Last year, President Obama welcomed a National Academies panel that includes another Nobel laureate, Daniel Kahneman, to come up with a way to measure "subjective well-being." This is in keeping with the past work of his former chair of the Council of Economic Advisers, Alan Krueger, who once published a paper trying to measure "the flow of emotional experience during daily activities."

In fact, the idea of measuring our well-being is so widespread that last year The Economist declared that "the happiness industry" was "one of the more surprising industries to have taken off during the current period of economic downtown."

But the problem is that almost all these efforts rely heavily, or in some cases completely, on survey questions. This can lead to conclusions like the one that the Office for National Statistics drew from its survey: that because the data from 2007 to 2011 were largely unchanged, the UK showed a "picture of stability." It was hard to miss the evidence, however, that those years in Britain weren't exactly a model of stability.

In fact, it's pretty easy to find real data for the UK that completely contradict the results of the happiness index.

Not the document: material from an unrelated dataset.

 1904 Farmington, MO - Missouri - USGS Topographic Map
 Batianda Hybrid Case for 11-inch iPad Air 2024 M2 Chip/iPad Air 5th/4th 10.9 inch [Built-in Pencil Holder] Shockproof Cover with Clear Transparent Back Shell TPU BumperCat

For instance:

  • In 2011, there were over 45 million prescriptions written for antidepressants in the UK, up 9-percent from the previous year. The NHS spent over £270 million on antidepressants in 2011, a 23-percent increase from 2010.

  • Indeed, antidepressant use has gone up almost 500-percent since 1991.
  • In 2011, over 15 million prescriptions for sleeping pills were given out.
  • The NHS spent over £49 million on sleeping pills from 2010 to 2011, an increase of over 17 percent from three years earlier.
  • Eight million people in the UK suffer from anxiety disorders, at a cost of nearly £9.8 billion.
  • Hospital admissions for stress were up 7-percent in 2012.
  • Nearly one fifth of all adults in the UK suffer from depression or anxiety.
  • Actions speak louder than words, and when you have 45 million instances of people making the effort to get a prescription for an antidepressant, it's hard to conclude that happiness is breaking out all over.

    And if the Office for National Statistics wants to rely on responses to survey questions, here are a few they can include in the mix:

    • Nearly 60 percent of people in the UK say their lives have become more stressful in the last five years.

  • In 2006, before the financial crisis, 36 percent of adults said they were struggling to keep up with bills and credit commitments. When asked the same question in 2013, 52 percent said they were struggling.
  • In London, 45 percent say they're worried they won't be able to make their housing payments, and 53 percent feel a fair or great amount of stress about the cost of their housing.
  • The idea behind the Office for National Statistics effort is great, but why not broaden the index to include as much data as possible, especially when so much real -- and hard -- data are readily available? A true happiness index should include not only data like the use of antidepressants and sleeping pills but alcoholism rates, suicide rates, the incidence of illnesses linked to stress like diabetes and high blood pressure, health care spending for stress-related illnesses, the percentage of employers offering wellness programs and flexible work schedules and the number of work days lost to stress.

    It's great that so many leaders are recognizing that the well-being of their citizens is not only important but also depends on more than just the quarterly growth rate (as important as that is).

    But our well-being is too important to use superficial measures that, whether intentionally or not, end up letting governments off the hook by ignoring data that show serious challenges to our well-being. If it's a problem that can be solved by watching the Diamond Jubilee or Usain Bolt win three gold medals, it's not a serious problem. To reach a real place of true well-being, we need an accurate picture of where we stand now.

    Correction: This post originally misstated that a panel to measure "subjective well-being" was commissioned by President Obama and includes his Council of Economic Advisers chairman, Alan Krueger. The panel was in fact organized by the National Academies, welcomed by the president in a press release, and does not include Mr. Krueger. Moreover, Mr. Krueger is no longer the chair of the Council of Economic Advisers.